Éste ya había sido enterado de la muerte de su hijo a manos mías y me mandó un intérprete blanco ofreciéndome cuatro mulas a cambio del bonete, las armas y otras cosas de su hijo, que yo me había guardado. Le contesté que accedería, pero en otra oportunidad, pues en ese momento me era imposible.
Al día siguiente reemprendimos la marcha para reunirnos con el general Crook, que se hallaba acampado al pie del Cloud Peak, sobre las montañas Big Horn (Big Horn Mountains), esperando la llegada del 5.° de Caballería antes de iniciar una acción contra los sioux instalados en alguna parte del Little Big Horn, como le habían informado sus scouts.
Avanzamos rápidamente, y llegamos al campo del general Crook, en Goose Creek, el 3 de agosto. Allí encontré algunos amigos, entre ellos al coronel Royal, recientemente ascendido y al frente del tercer regimiento de caballería. Él me presentó al general Crook, a quien yo no conocía ni siquiera de vista, pero de quien había oído hablar frecuentemente.

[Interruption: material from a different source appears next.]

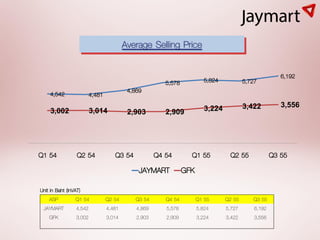 Average Selling Price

Estaba allí también Frank Grouxard, un mestizo que había vivido durante seis años con «Sitting Bull», por lo que conocía la región como su propia casa.
Permanecimos en el campamento del general Crook tan sólo un día, pues en seguida continuamos hacia Tongue River, dejando el convoy atrás, pero llevándonos las provisiones que juzgamos necesarias.
Marchamos a lo largo de ese río durante un par de días, y de allí en dirección oeste hasta el Rosebud, desde donde, siguiendo el cauce del arroyo, hallamos la ruta principal seguida por los indios.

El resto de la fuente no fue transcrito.